Parenting Orders. may be sought in the Local Court, the Federal Circuit Court or the Family Court. The principles that apply to the children of marriages also apply to the children of de facto relationships.
The law in Australia clearly outlines the criteria of a de facto relationship. Section 4AA(1) of the Family Law Act, 1975 says that two people are in a de facto relationship if they “have a relationship as a couple living together on a genuine domestic basis”. Section 4AA(2) helps the courts determine if indeed a de facto relationship exists by allowing the judge to consider a number of factors, including the duration of the relationship, whether a sexual relationship exists and the degree of mutual commitment to a shared life.
In a recent court case, Kale & Karmel, the Family court was asked to determine exactly when the relationship began and ended, in order to divide the joint property fairly.
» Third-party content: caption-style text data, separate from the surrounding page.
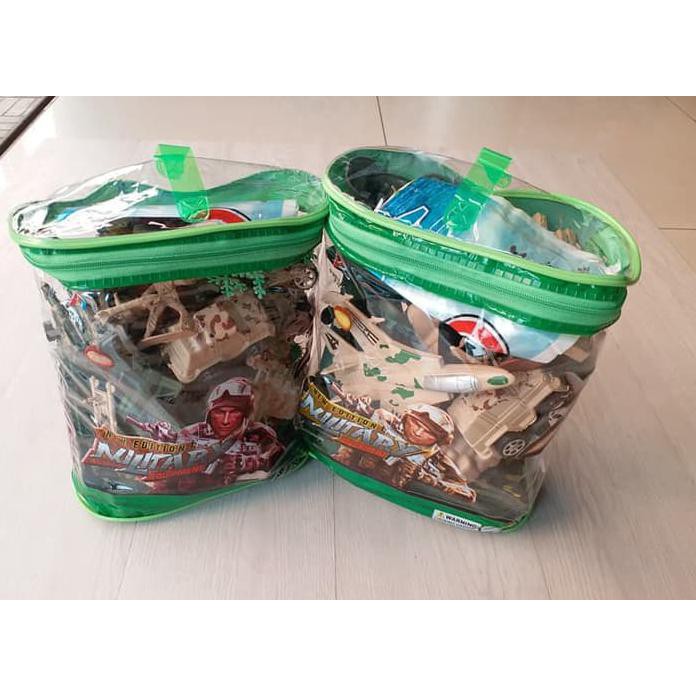 Mainan Military Equipment Tentara Figure Combat Set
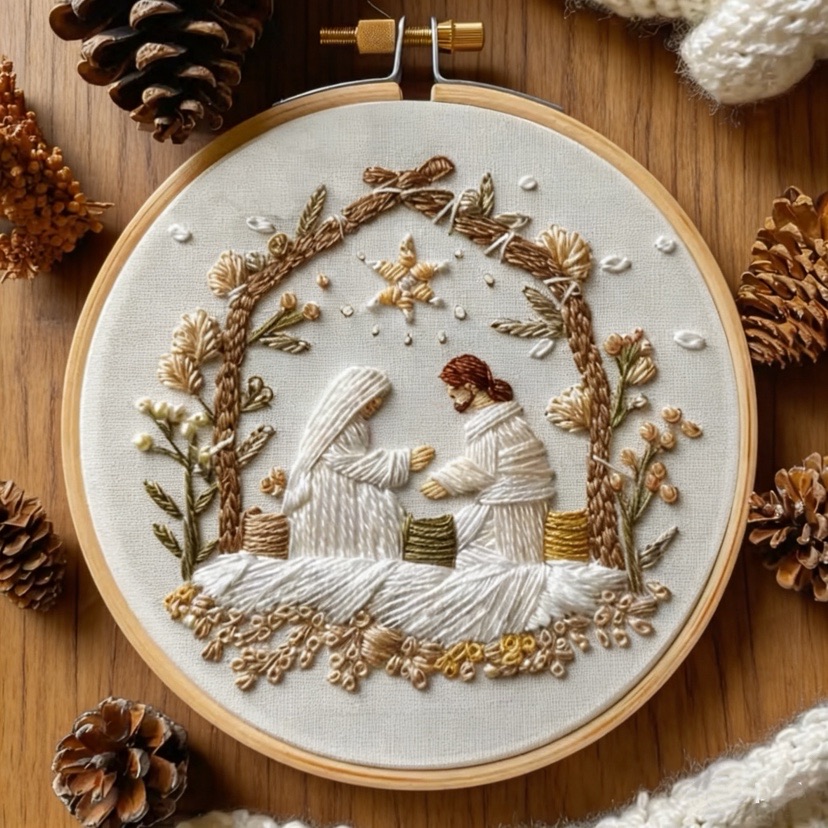Embroidery Jesus - Kit de broderie de noël de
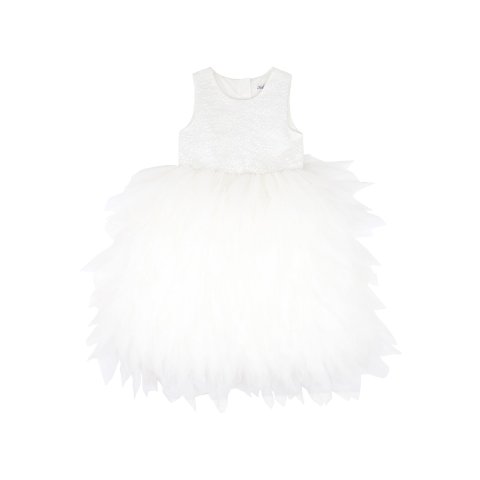 WATERFALL 网纱连衣裙 及小腿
In this case, the applicant, Kale, was a 58-year-old man with two grown children from a previous marriage. He received a Ph.D. in 1997. Until about 2005, he was also caring for his two children on a less equal basis with his ex-wife. The respondent, Karmel, completed a law degree in 2000, worked for several years in business and law, and in April 2005 opened her own law practice. There were various questions about the property – a shared home, superannuation, cars – but the larger disagreement centered around when the de facto relationship between the applicant and the respondent started and when it ended.
Kale argued that the relationship started in mid-2002 and ended in October 2009, after their physical separation. Karmel, on the other hand, argued that the relationship commenced four years earlier in 1998 and ended only in January 2010. The court was forced to look at a number of criteria in order to determine just how long the relationship actually did last.
The court reference earlier cases, concluding that for the purposes of property issues, it must be shown that the party’s lives have merged to the point that for all intents and purposes, they are living together as a married couple. Based on this understanding, the magistrate in Kale & Karmel found that the de facto relationship commenced in late 2001.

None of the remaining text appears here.